# Lens deals suddenly dry up



## rlarsen (Mar 29, 2014)

As someone looking to save on a 70-200 f2.8 ll, the recent 20% midnight sale was a cruel tease. Suddenly it seems like all lens deals are gone, prices are up. We're told discount pricing will be stopped by Canon.
What's going on ?

I'll wait. A week, a month, six months ? I'm just going to wait. List prices are pretty damn high if you ask me.


----------



## Ruined (Mar 30, 2014)

Generally lens deals go hand-in-hand with the end of each quarter... To maximize quarterly profits

Essentially, the idea is that lens prices stay high at most times for professionals, who need may need a lens TODAY because they broke one of theirs. They cannot wait for a lens deal, they need to replace their broken lens. Canon makes more money on that sale than if they lopped $300 off the MSRP.
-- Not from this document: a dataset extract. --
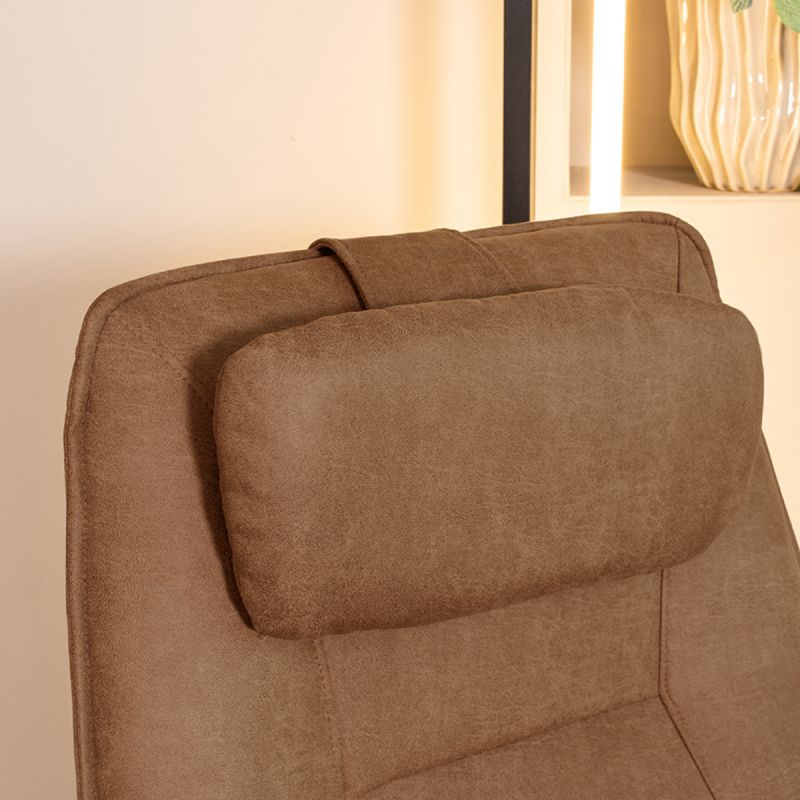 Hoofdkussen Odense 43x20 cm Cognac Micro Suede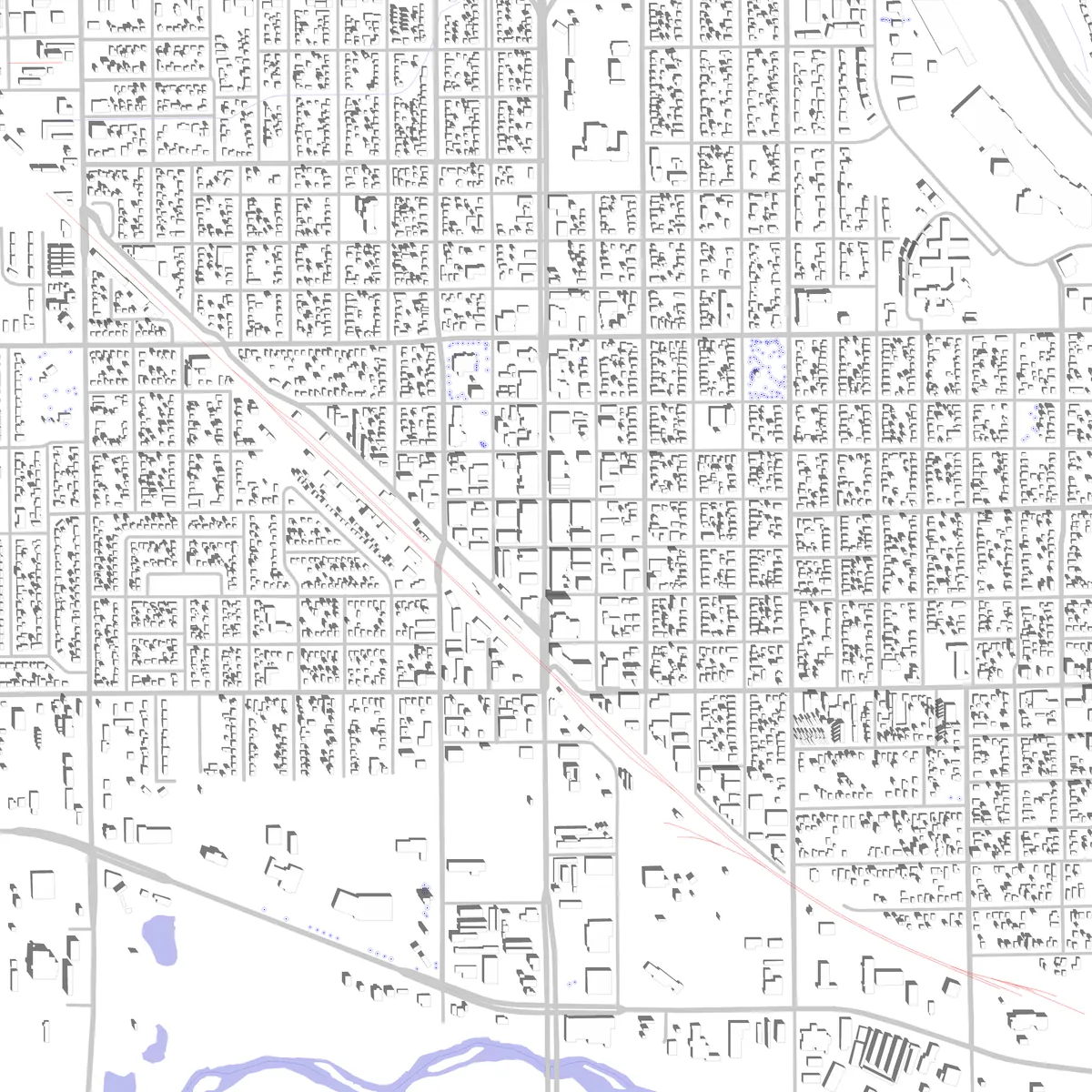 Scottsbluff site plan (2.5 km)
However, at the end of each quarter - and especially the end of the year - lens prices drop very low to entice people to buy who might not usually, and hence maximize profits.

So I would say June 2014 for some similar deals you saw in March 2014, then you will see huge deals in Nov-Dec 2014.


----------



## EricFiskCGD (Mar 30, 2014)

rlarsen said:


> As someone looking to save on a 70-200 f2.8 ll, the recent 20% midnight sale was a cruel tease. Suddenly it seems like all lens deals are gone, prices are up. We're told discount pricing will be stopped by Canon.
> What's going on ?
> 
> I'll wait. A week, a month, six months ? I'm just going to wait. List prices are pretty damn high if you ask me.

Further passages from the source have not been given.